Most universities in the UK suspended all face-to-face teaching in March due to the Coronavirus pandemic. The suspension was also followed by the cancellation of exams for many students, while some students had to take online forms of assessment. Online learning has been made available for students by most institutions since the start of the pandemic, however, the extent and quality of such learning and resources have varied.

Cambridge University has said that lectures will only be held online for the academic year beginning in September because of the Coronavirus. In a statement, the university said;

“Given that it is likely that social distancing will continue to be required, the university has decided there will be no face-to-face lectures during the next academic year.

The university said that it would review the decision should there be official changes to advice on the Coronavirus. 

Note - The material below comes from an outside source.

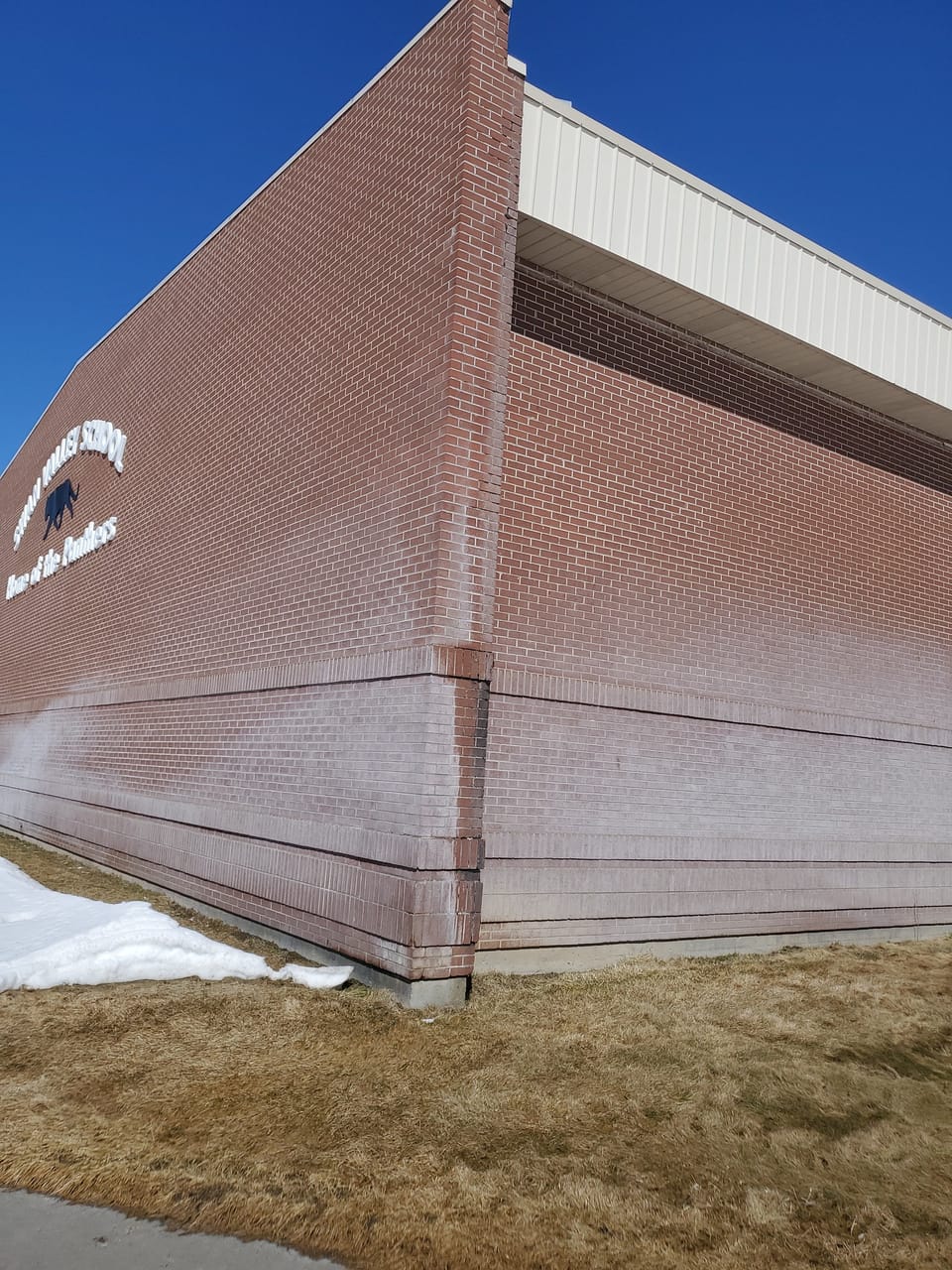 Corner of Swan Valley School under the Home of the Panthers logo, lower brick whitened by mineral staining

The statement followed a move by the University of Manchester, which has said its lectures will only be online, rather than face-to-face, for the Autumn term. 

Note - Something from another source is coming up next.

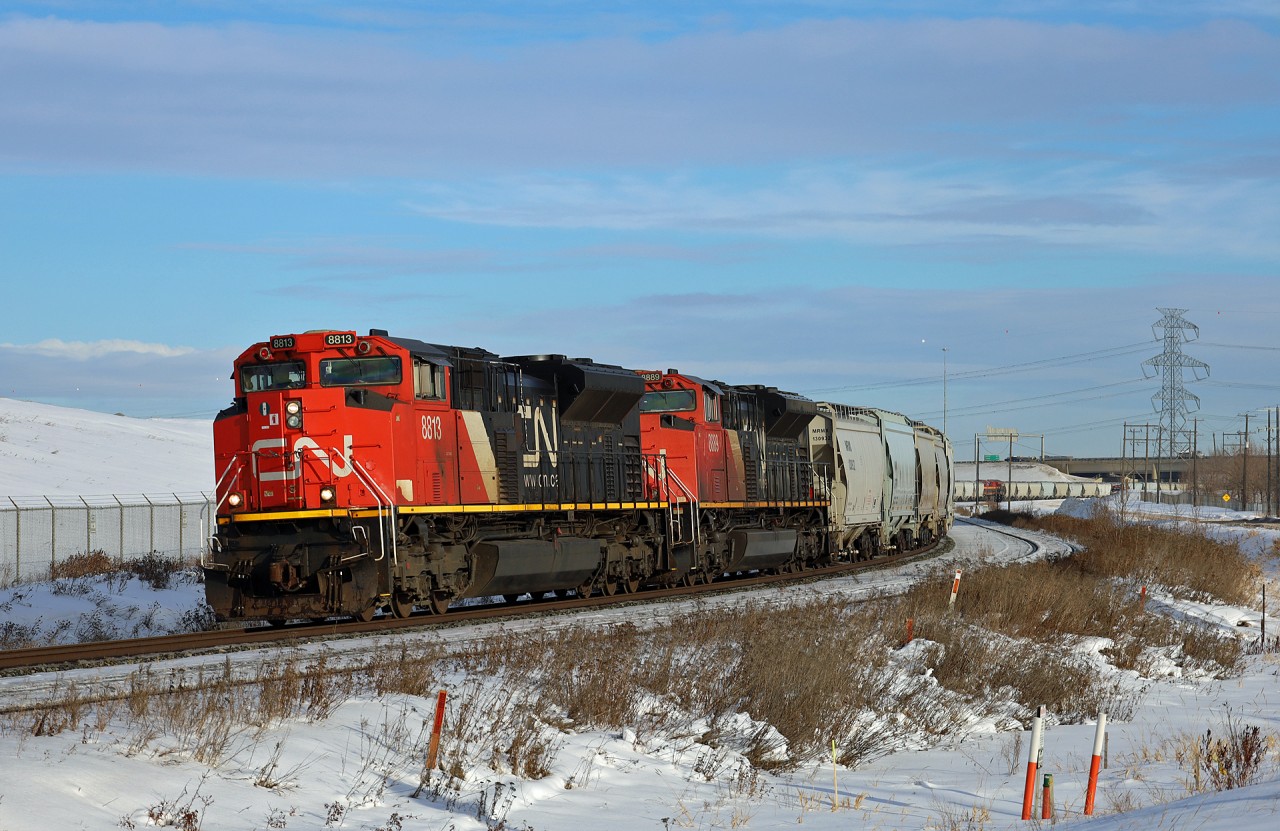 S 77181 05 rolls into Edmonton with 187 frac sand cars, with half the train bound for Leslieville, Alberta on the Brazeau Sub (near Red Deer) and the other half bound for Grande Prairie.  Todays consist was CN 8813, CN 8889, mid train remote KCS 5024 and another mid train remote CN 8852.  If you look closely, you can see the KCS unit between the power poles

The coverage and spreading of the statements has though led to confusion, with some students assuming that they will be unable to return to university campuses and accommodation in the Autumn. The specifics of what will be possible in September and October, of course, remain unknown with the response to the Coronavirus a fast-moving situation.

However, both Cambridge University and Manchester University have said that the hosting of physical smaller teaching groups which conform to social distancing requirements could be possible. On accommodation, Manchester University has said: “We very much hope to be able to welcome students to move into their University accommodation ahead of the start of the academic year but this is subject to UK government guidance and a full University risk assessment.”

If social distancing remains a requirement in the Autumn, it seems likely that many universities may take a blended learning approach. For example, lectures may be live-streamed online, and seminars and group work may take place in face-to-face settings, though with the enforcement of social distancing requirements.

Under the UK government’s COVID Alerts System, England is currently in stage 4, meaning that strict social distancing is required. The government has said we are gradually moving into level 3, where there is a gradual relaxing of restrictions and social distancing measures. When the UK reaches level 2 of the system, minimal or no social distancing will be required, however, the government has not indicated a potential date for when this may be reached.

Many believe though that social distancing may be required until a vaccine is made available for COVID-19.

Statements from more universities are expected over the coming weeks in regards to how teaching will take place in the Autumn term, with the university watchdog saying earlier this week that students applying for university places in England must be told with “absolute clarity” how courses will be taught before they make their choices for next term.

It has been confirmed that universities can charge full fees even if courses are taught online. Fees for courses at UK universities can be as much as £9,250 a year, or even higher for international students. If applicants do not feel they would be getting value for money or an appropriate ‘campus experience’, they may defer their admission until the following academic year.

The delivery of Higher Education is just one area of large uncertainty amid the Coronavirus pandemic, which has so far resulted in more than 35,000 deaths in the UK.